• _What to work on_
Leaving the pictures aside, reproduce the data in full and word for word.

Image-text web data
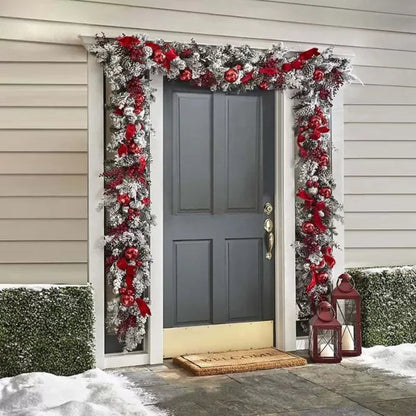 Easy Portable String Christmas Lights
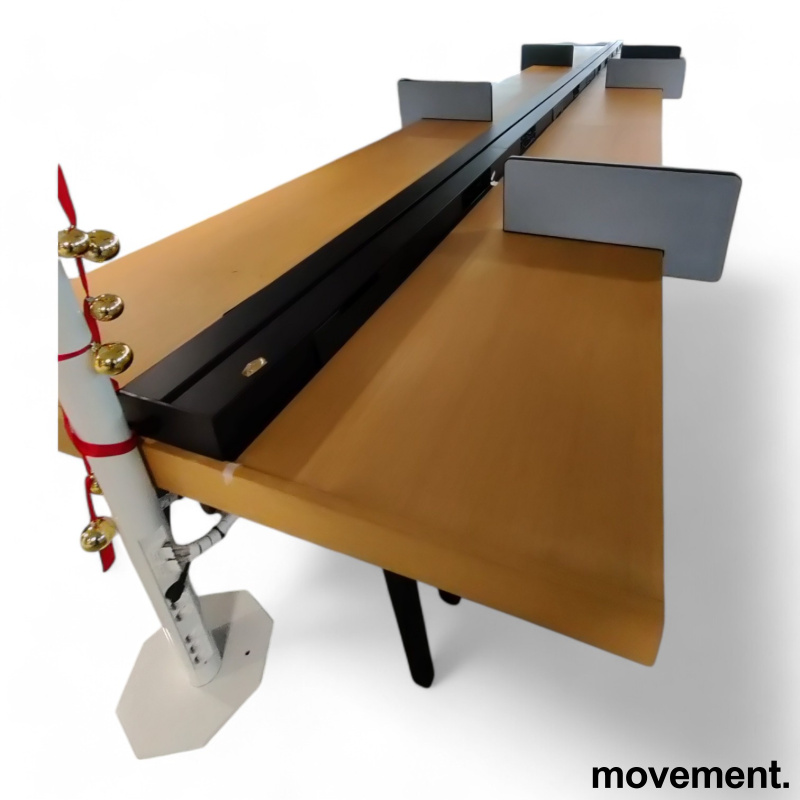 Vitra Joyn arbeidsbord / - 7 / 12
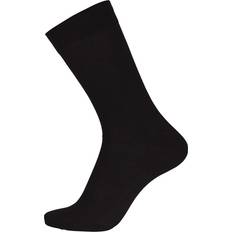 Ull Sokker Egtved Wool Socks - Black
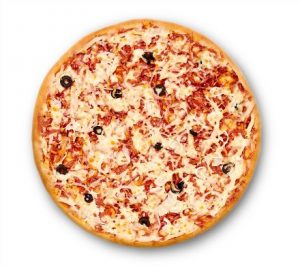 Причины популярности пиццы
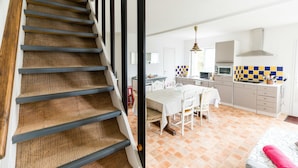 Staircase - 15 min de Honfleur (Fort-Moville)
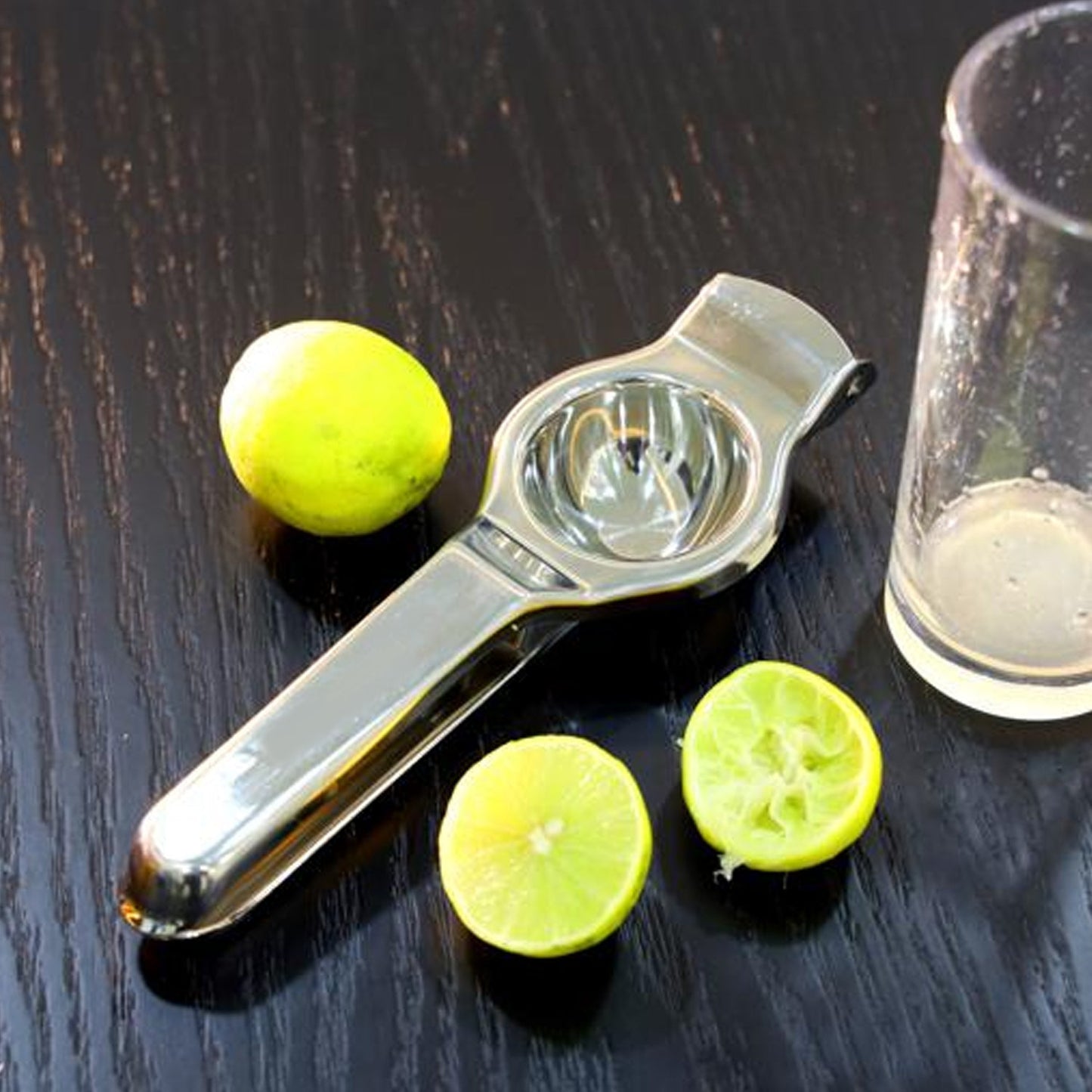 Stainless Steel Lemon Squeezer for Efficient Juice Extraction - infinityexculsivestore.com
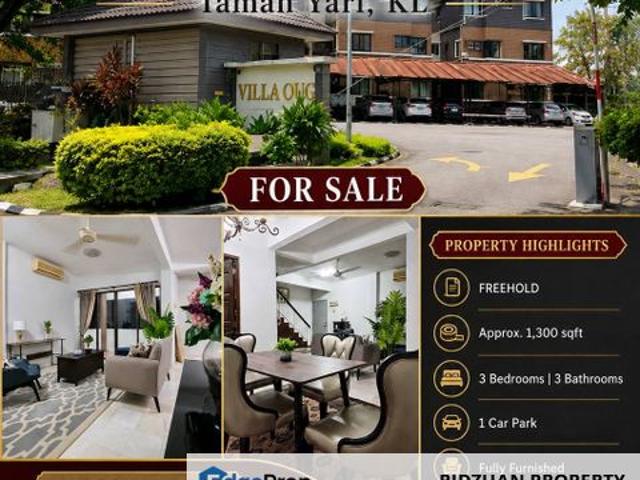Condominium for sale in Country Heights Damansara, Kuala Lumpur
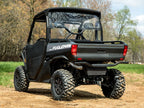 Light Tint Polycarbonate Rear Windshield for Segway Fugleman UT10 (2020–2023)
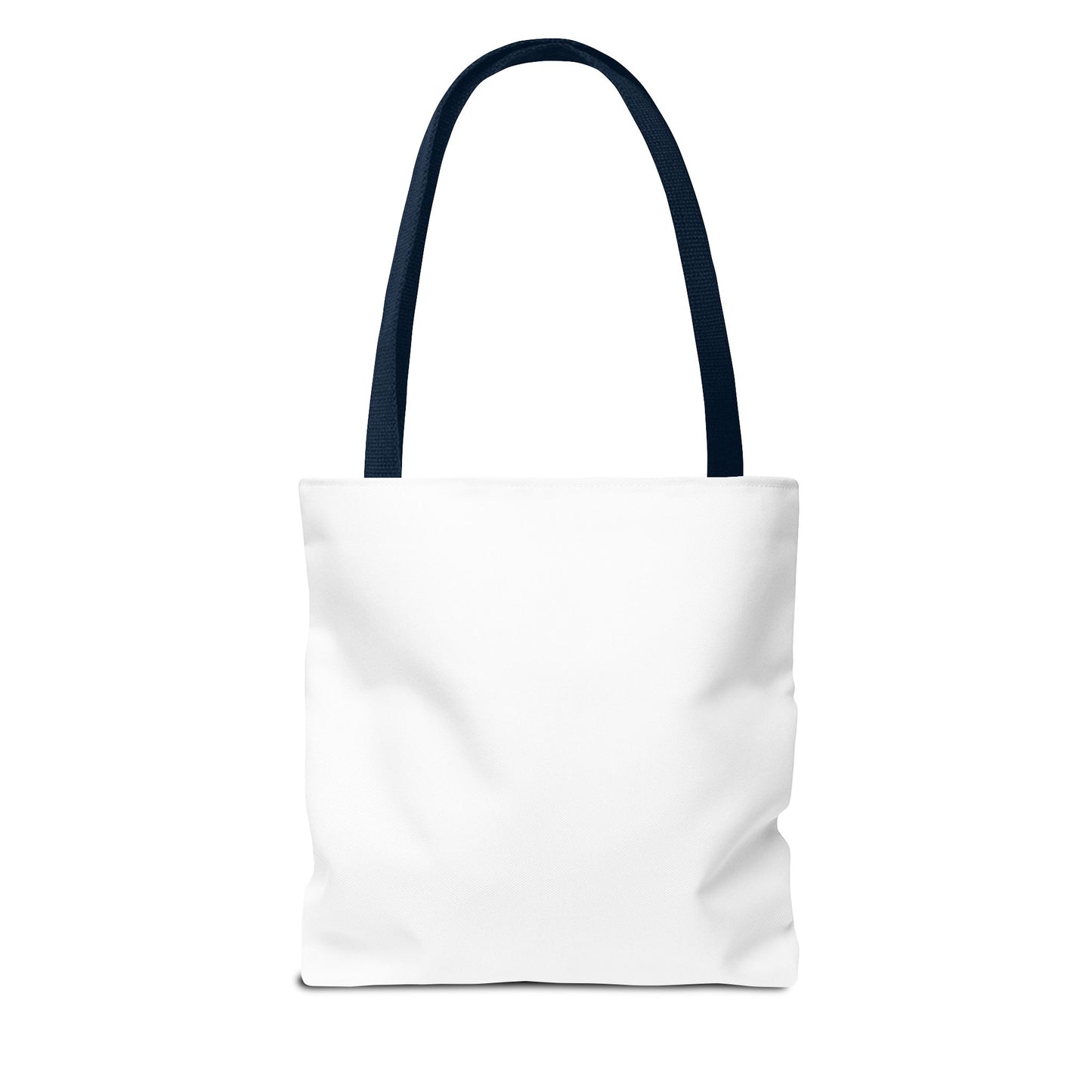 Floral Tote Bag - "Bloom with Grace" - Cute Shopping Bag, Eco-Friendly Tote, Spring Gift, Reusable Grocery Bag, Flower Lover Gift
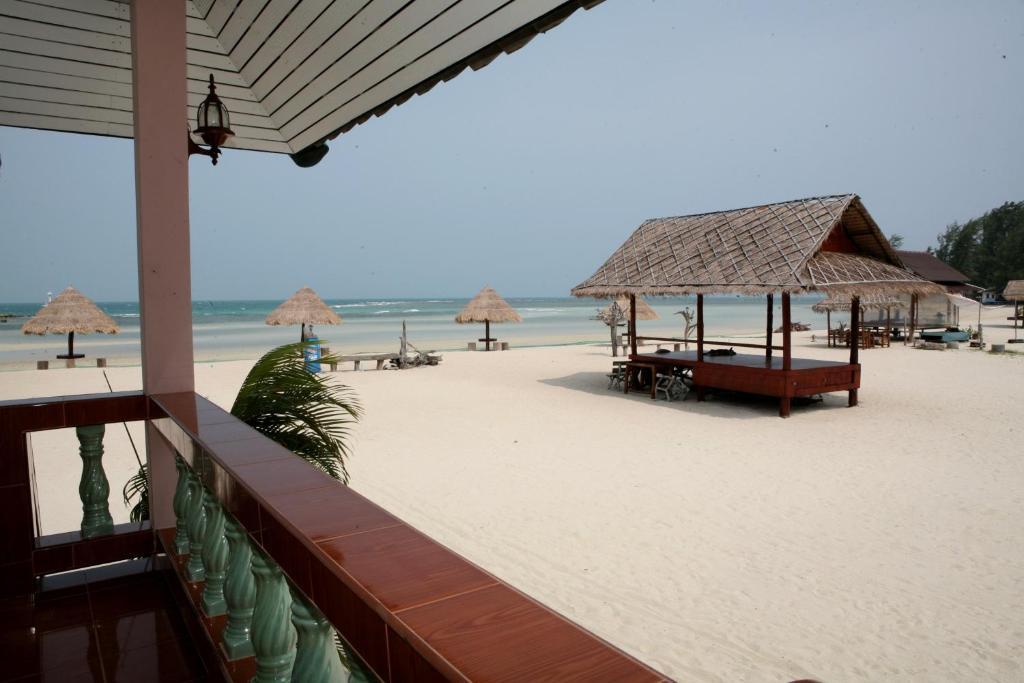 Nice Sea Resort Srithanu Pokoj fotografie
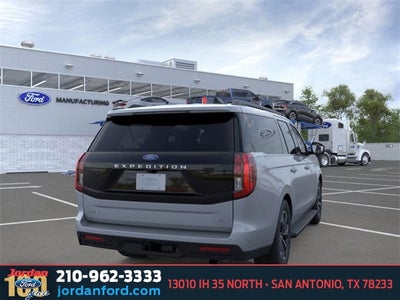 2026 Ford Expedition Max Active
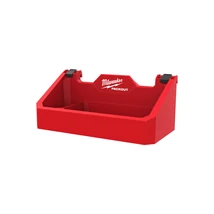 Milwaukee PACKOUT™ Rögzítő tálca oldalsó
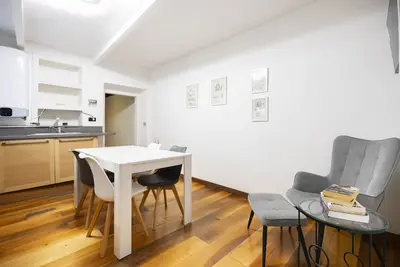 Image de Ginori C - Trois Chambres Appartement, Couchages 6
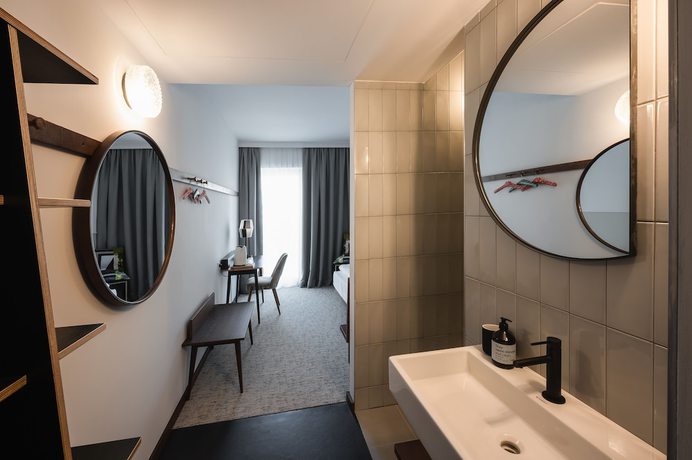 Imagen de la habitación del Hotel magdas Vienna City. Foto 9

• _Exercise result_
 Easy Portable String Christmas Lights
 Vitra Joyn arbeidsbord / - 7 / 12
 Ull Sokker Egtved Wool Socks - Black
 Причины популярности пиццы
 Staircase - 15 min de Honfleur (Fort-Moville)
 Stainless Steel Lemon Squeezer for Efficient Juice Extraction - infinityexculsivestore.com
Condominium for sale in Country Heights Damansara, Kuala Lumpur
 Light Tint Polycarbonate Rear Windshield for Segway Fugleman UT10 (2020–2023)
 Floral Tote Bag - "Bloom with Grace" - Cute Shopping Bag, Eco-Friendly Tote, Spring Gift, Reusable Grocery Bag, Flower Lover Gift
 Nice Sea Resort Srithanu Pokoj fotografie
 2026 Ford Expedition Max Active
 Milwaukee PACKOUT™ Rögzítő tálca oldalsó
 Image de Ginori C - Trois Chambres Appartement, Couchages 6
 Imagen de la habitación del Hotel magdas Vienna City. Foto 9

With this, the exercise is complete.